Restate the following records word for word without images.

Stored records
--
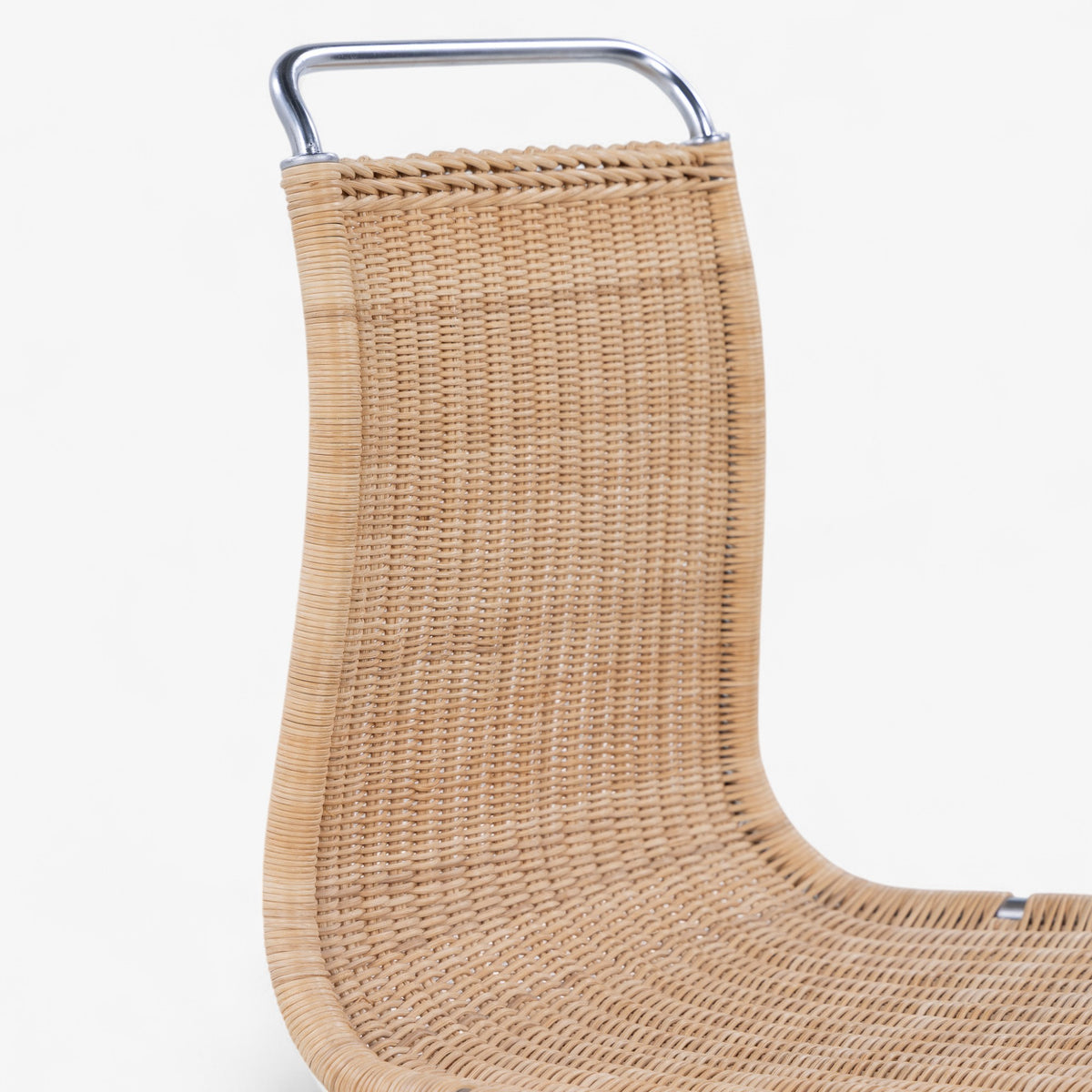 PK 1 - Chair in wicker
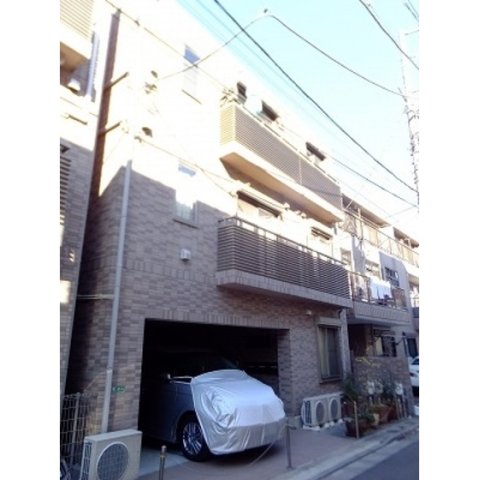 建物外観　きれいな外観です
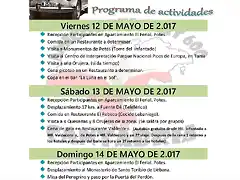 PROGRAMA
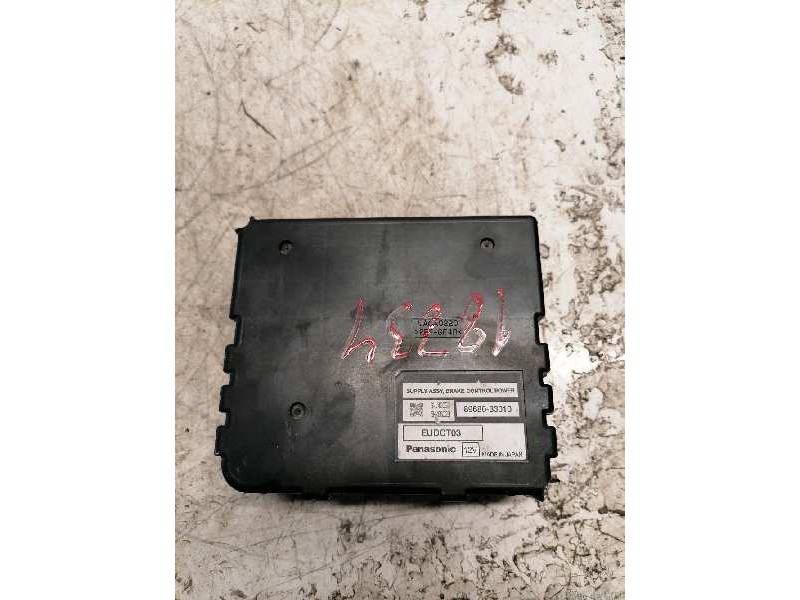 Recambio de centralita abs para toyota prius (nhw20) basis referencia OEM IAM 8968033010  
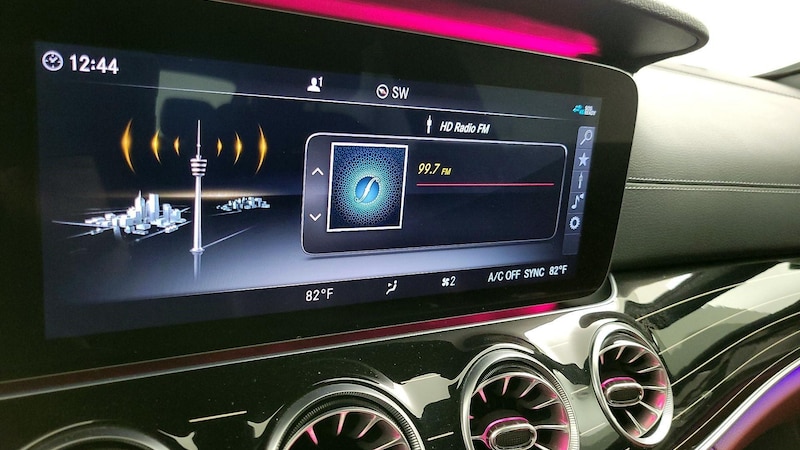 2019 Mercedes-Benz CLS 53 AMG 16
--
▶ _ANSWER TO THE EXERCISE_
 PK 1 - Chair in wicker
 建物外観　きれいな外観です
 PROGRAMA
 Recambio de centralita abs para toyota prius (nhw20) basis referencia OEM IAM 8968033010  
 2019 Mercedes-Benz CLS 53 AMG 16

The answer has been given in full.